Salvatore Esposito, 47, and his younger brother, Joseph Esposito, 43, principals in U.S. Coin Bullion LLC in Orlando, each entered guilty pleas in U.S. District Court for the Middle District of Florida in Orlando before U.S. Magistrate Judge Daniel C. Irick to conspiracy to commit wire fraud and mail fraud.
The Espositos each face up to a maximum of 20 years in federal prison and fines of up to $250,000. No sentencing date is yet scheduled.
According to court documents, the Espositos operated U.S. Coin Bullion LLC beginning in 2012.
The conspiracy alleged in the court documents was executed between 2014 and July 2019.
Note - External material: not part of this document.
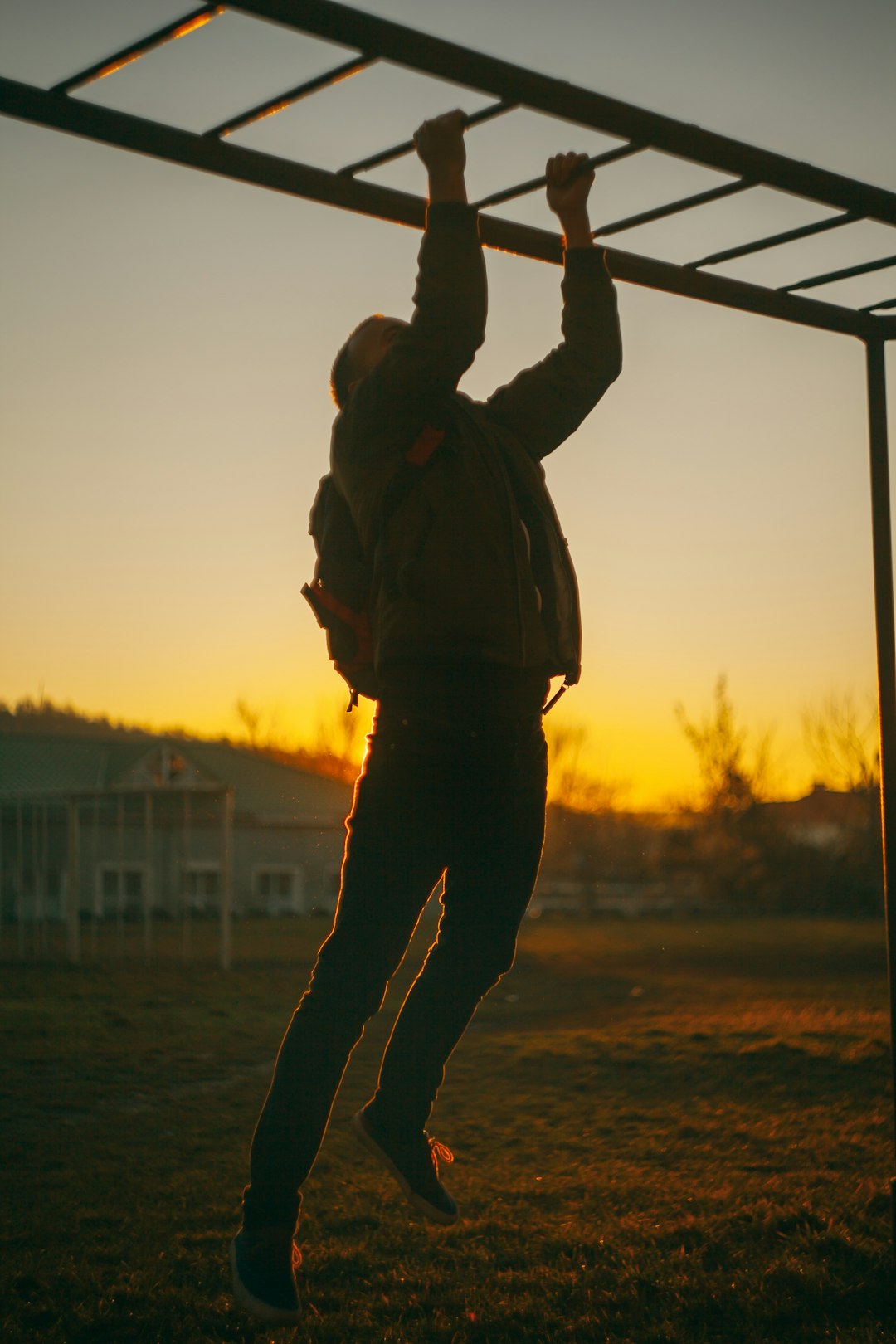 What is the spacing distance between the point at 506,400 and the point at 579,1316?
7.63 feet

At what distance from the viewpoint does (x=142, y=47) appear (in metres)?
2.17

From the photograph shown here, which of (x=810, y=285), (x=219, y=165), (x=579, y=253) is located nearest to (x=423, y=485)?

According to court documents, “the Espositos engaged in a conspiracy to defraud U.S. Coin Bullion’s customers.
“Instead of using the customers’ funds to purchase precious metals as had been promised, the Espositos caused U.S. Coin Bullion to use customer funds to pay other customers, to pay commissions and other business expenses, and to purchase silver for the company itself.
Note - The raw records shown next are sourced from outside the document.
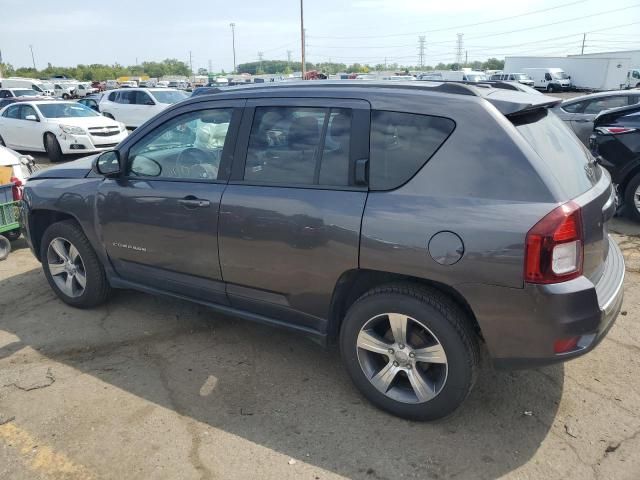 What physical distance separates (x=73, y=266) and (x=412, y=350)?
3.07 meters

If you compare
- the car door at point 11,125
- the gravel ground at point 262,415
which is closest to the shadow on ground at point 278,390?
the gravel ground at point 262,415

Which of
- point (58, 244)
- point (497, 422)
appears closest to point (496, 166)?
point (497, 422)

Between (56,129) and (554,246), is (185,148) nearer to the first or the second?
(554,246)

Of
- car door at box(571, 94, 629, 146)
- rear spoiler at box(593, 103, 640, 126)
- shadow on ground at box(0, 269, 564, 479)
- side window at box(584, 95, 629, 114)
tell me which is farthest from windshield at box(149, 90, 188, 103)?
shadow on ground at box(0, 269, 564, 479)

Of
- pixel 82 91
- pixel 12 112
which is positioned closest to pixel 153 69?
pixel 82 91

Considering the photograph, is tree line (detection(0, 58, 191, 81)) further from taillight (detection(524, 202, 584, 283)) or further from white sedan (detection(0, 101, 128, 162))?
taillight (detection(524, 202, 584, 283))

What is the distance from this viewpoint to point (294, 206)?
298 centimetres

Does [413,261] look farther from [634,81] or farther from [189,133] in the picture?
[634,81]

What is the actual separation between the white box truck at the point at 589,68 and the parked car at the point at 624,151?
46516 mm

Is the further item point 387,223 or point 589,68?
point 589,68

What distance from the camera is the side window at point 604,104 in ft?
34.1

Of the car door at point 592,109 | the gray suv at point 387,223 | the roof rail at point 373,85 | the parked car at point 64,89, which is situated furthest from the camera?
the parked car at point 64,89

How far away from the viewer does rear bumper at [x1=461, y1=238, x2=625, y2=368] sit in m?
2.39

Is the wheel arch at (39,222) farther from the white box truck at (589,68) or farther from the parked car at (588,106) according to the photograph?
the white box truck at (589,68) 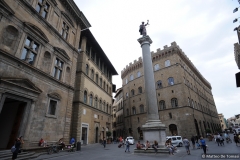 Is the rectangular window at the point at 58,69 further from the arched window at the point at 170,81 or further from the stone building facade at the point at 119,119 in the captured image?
the stone building facade at the point at 119,119

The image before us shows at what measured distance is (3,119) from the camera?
1149 centimetres

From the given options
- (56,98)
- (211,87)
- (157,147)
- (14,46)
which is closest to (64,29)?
(14,46)

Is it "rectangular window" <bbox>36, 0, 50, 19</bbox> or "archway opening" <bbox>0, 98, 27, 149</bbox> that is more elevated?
"rectangular window" <bbox>36, 0, 50, 19</bbox>

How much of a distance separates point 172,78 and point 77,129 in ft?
76.8

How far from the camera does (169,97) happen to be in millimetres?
31469

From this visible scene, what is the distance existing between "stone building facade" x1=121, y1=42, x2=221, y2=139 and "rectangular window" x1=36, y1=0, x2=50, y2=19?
26.9 metres

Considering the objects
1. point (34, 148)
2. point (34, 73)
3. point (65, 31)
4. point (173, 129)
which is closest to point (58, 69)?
point (34, 73)

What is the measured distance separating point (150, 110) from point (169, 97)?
2062 cm

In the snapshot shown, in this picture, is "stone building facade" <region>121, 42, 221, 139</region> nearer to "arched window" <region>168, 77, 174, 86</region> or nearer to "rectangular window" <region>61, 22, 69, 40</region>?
"arched window" <region>168, 77, 174, 86</region>

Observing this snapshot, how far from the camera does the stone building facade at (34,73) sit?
9836 millimetres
“U.S. Coin Bullion used its customers’ funds to purchase silver on ‘margin,’ or ‘leverage,’ by which it acquired an interest in the silver by paying only a portion of its full price.
“The company took out loans to purchase the silver on margin and then used more customer funds to pay the interest associated with those loans, as well as storage fees for the silver. And, because it was buying on margin, U.S. Coin Bullion was subject to ‘margin calls’; if the market price for silver declined, the company might immediately have to deposit more (customer) funds into its accounts to maintain its interest in the silver.
“By at least 2016, [U.S. Coin Bullion] was regularly using its customers’ funds to buy millions of dollars worth of silver. When the price for silver fell from more than $35 an ounce (in 2012) to less than $15 an ounce during the conspiracy, the company experienced massive losses and had to spend customer funds due to margin calls.”
To cover up the fraud, the Espositos, according to the federal court documents, provided customers with false account statements.
The U.S. Secret Service, to date, has identified more than 120 victims who have been defrauded as a result of the Espositos’ conspiracy, with total losses of over $7.9 million.